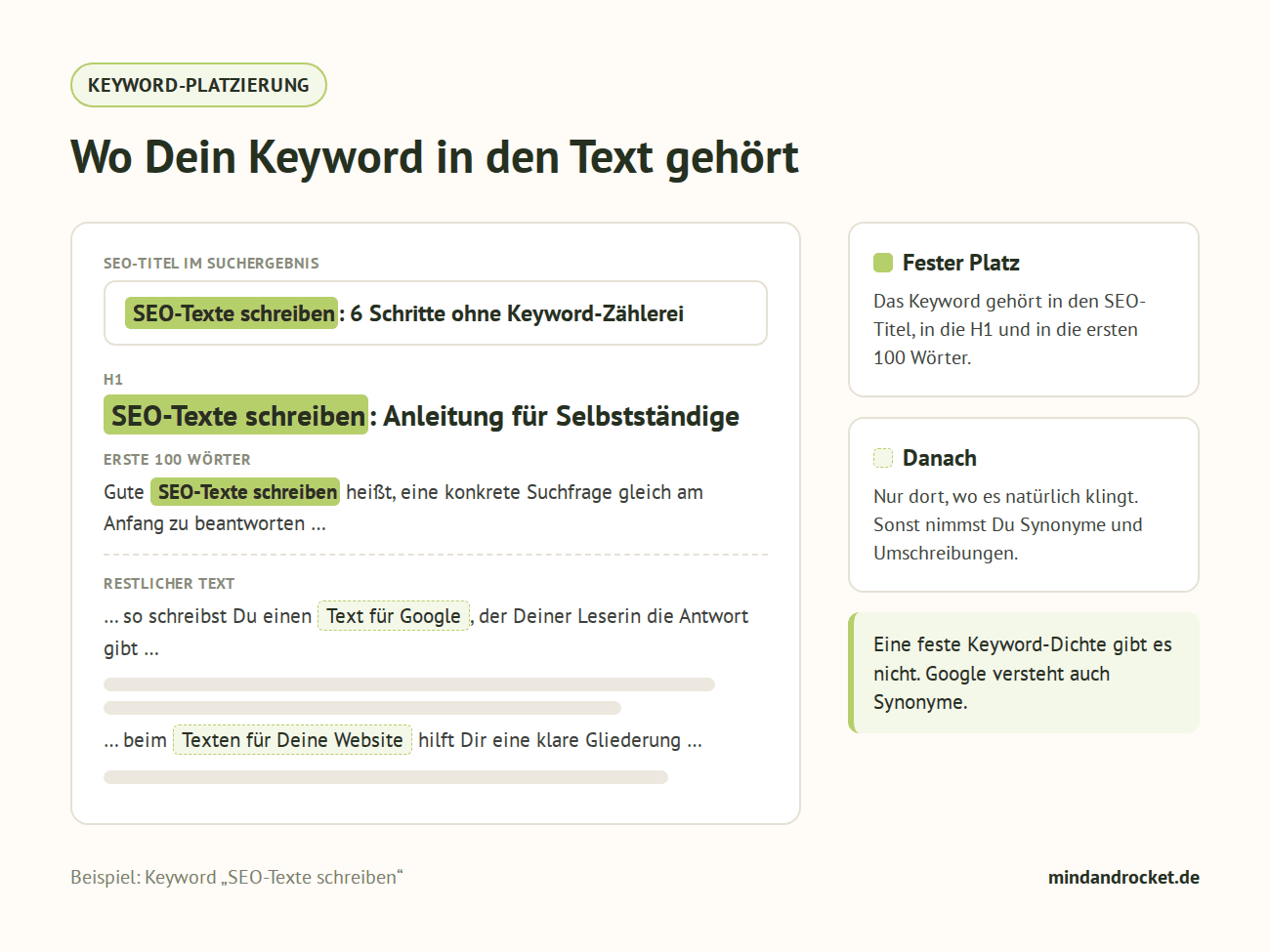 Grafik: Das Keyword SEO-Texte schreiben steht im SEO-Titel, in der H1 und in den ersten 100 Wörtern, im restlichen Text stehen Synonyme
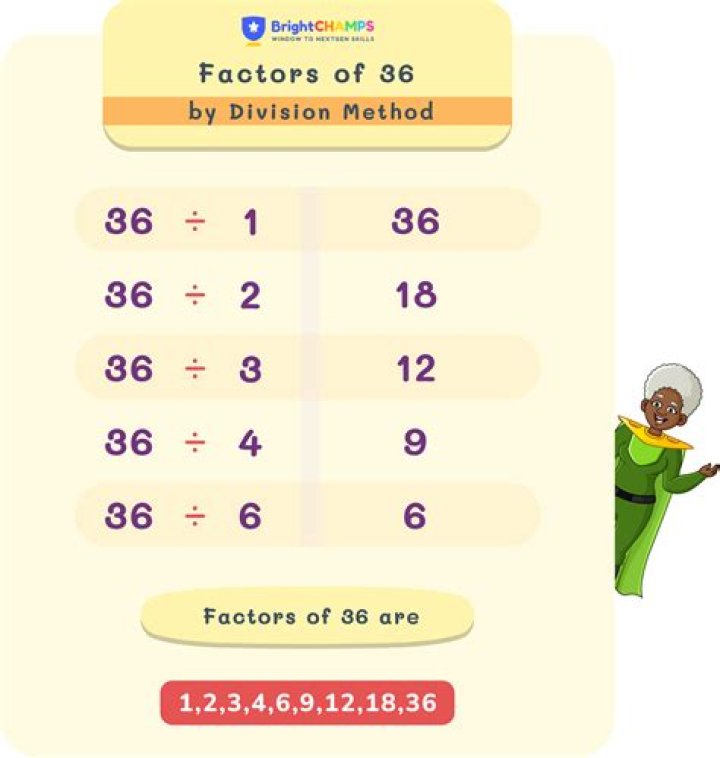What is the smallest factor of 36?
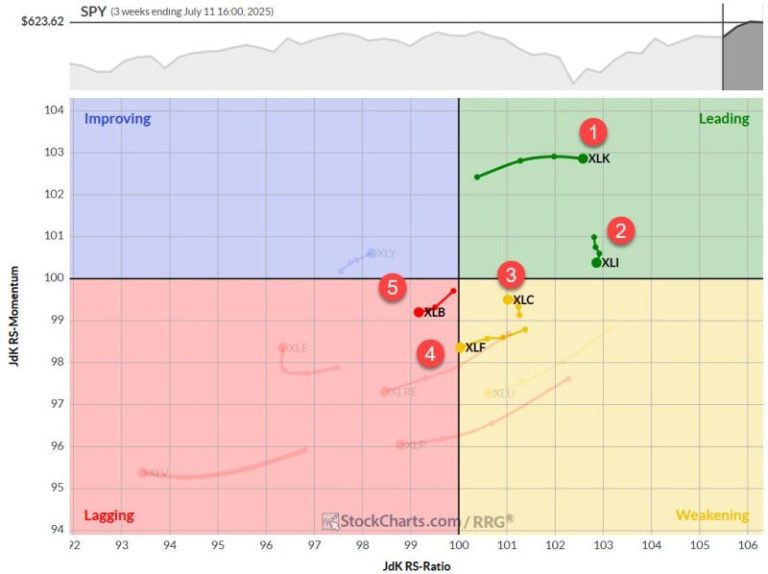 The Best Five Sectors, #27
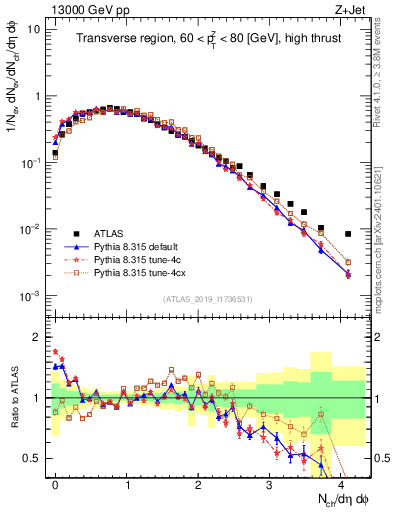Plot of nch in 13000 GeV pp collisions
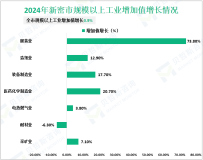 2024年新密市GDP实现704.2亿元，增长5.3%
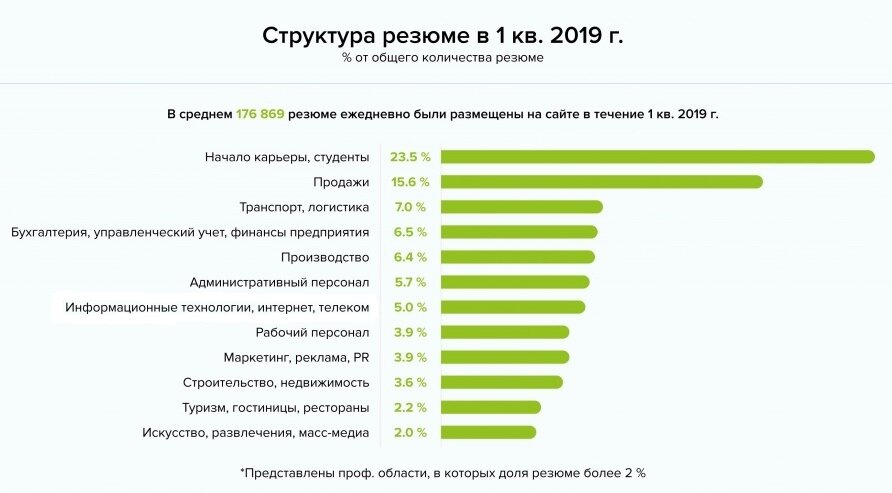 "Я ищу работу впервые" - говорит мне соискатель. "Мне всегда делали предложения раньше. Но сейчас я понимаю, что ситуация на рынке труда поменялась." "Да, поменялась" - отвечаю я.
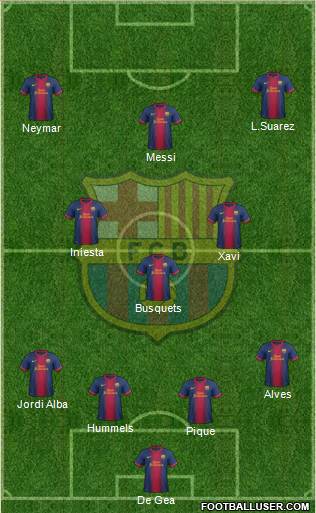 F.C. Barcelona Formation 2013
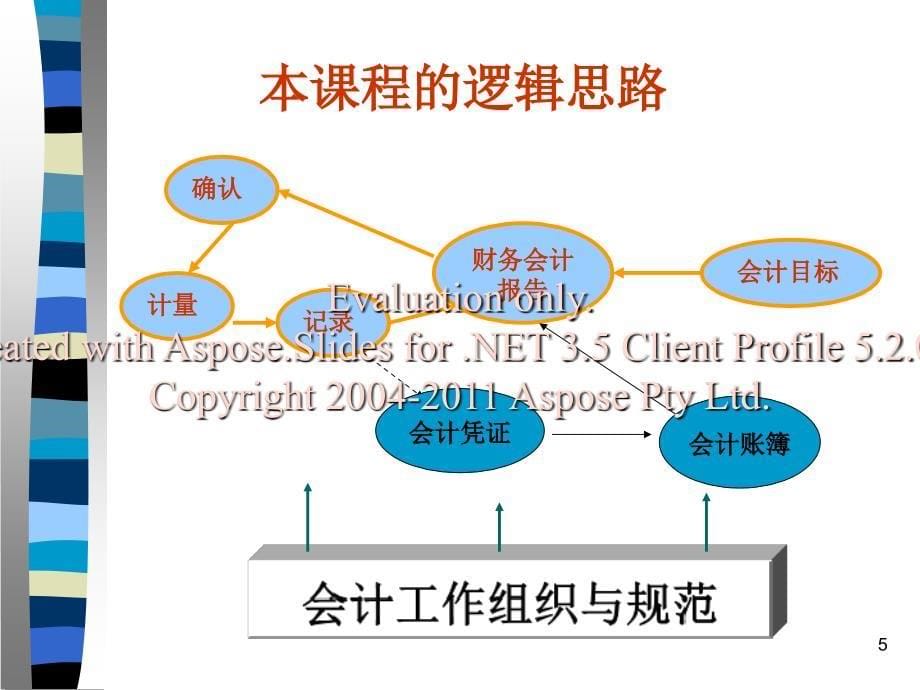 会计学原理第一章_第5页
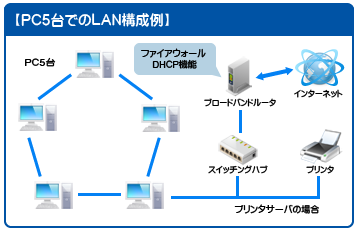 パソコン5台のネットワーク構築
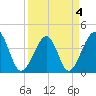 Clambank Creek tide chart for Monday, April 4, 2022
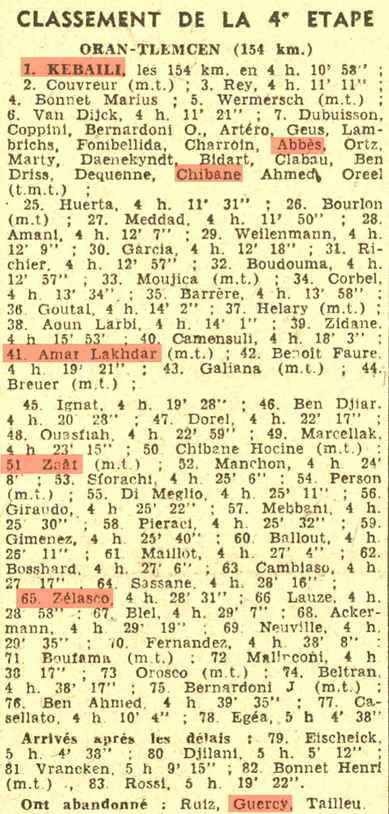 classement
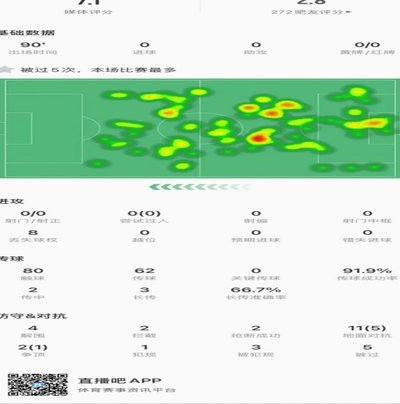 阿利松本场数据：5次扑救4次禁区内，阻止预期进球1.18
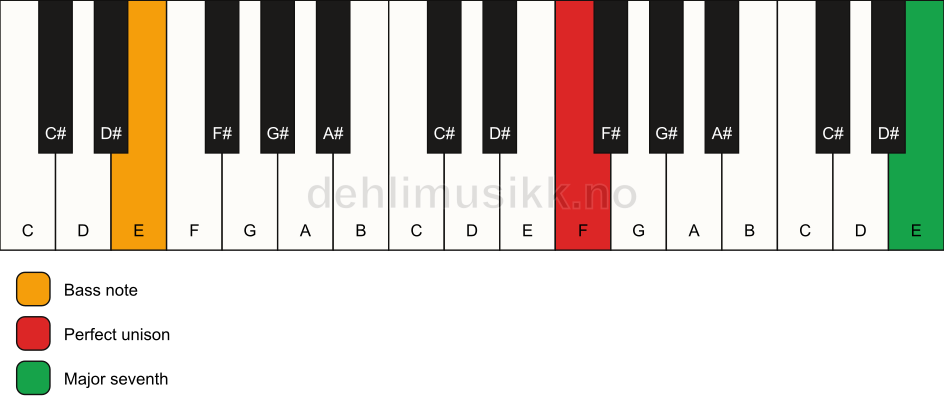 Piano keyboard showing the notes for a F maj7(no3)/E chord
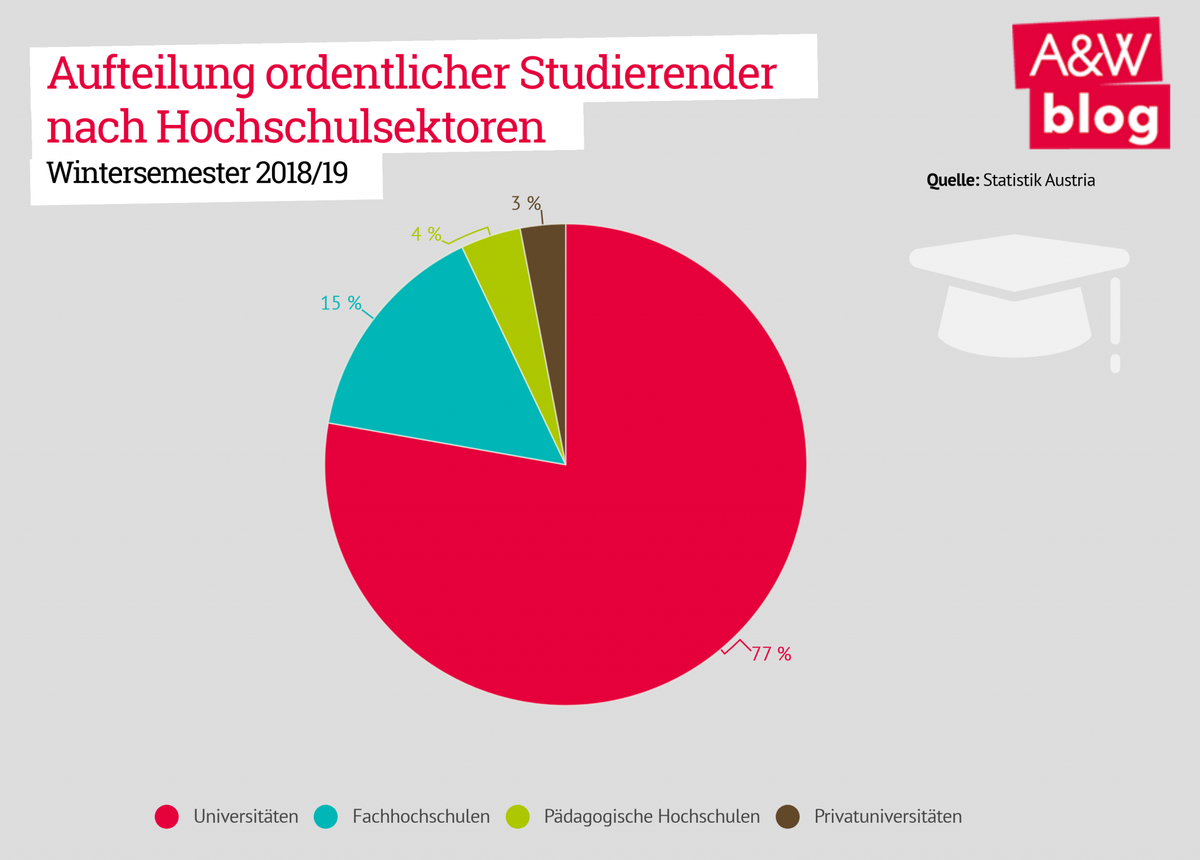 Studierende nach Hochschulsektoren © A&W Blog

__Exercise description__
Please print exactly the lines from the one holding "パソコン5台のネットワーク構築" through the final line of the data above, including both, and skip all pictures.

__Result__
 パソコン5台のネットワーク構築
 Clambank Creek tide chart for Monday, April 4, 2022
 classement
 阿利松本场数据：5次扑救4次禁区内，阻止预期进球1.18
 Piano keyboard showing the notes for a F maj7(no3)/E chord
 Studierende nach Hochschulsektoren © A&W Blog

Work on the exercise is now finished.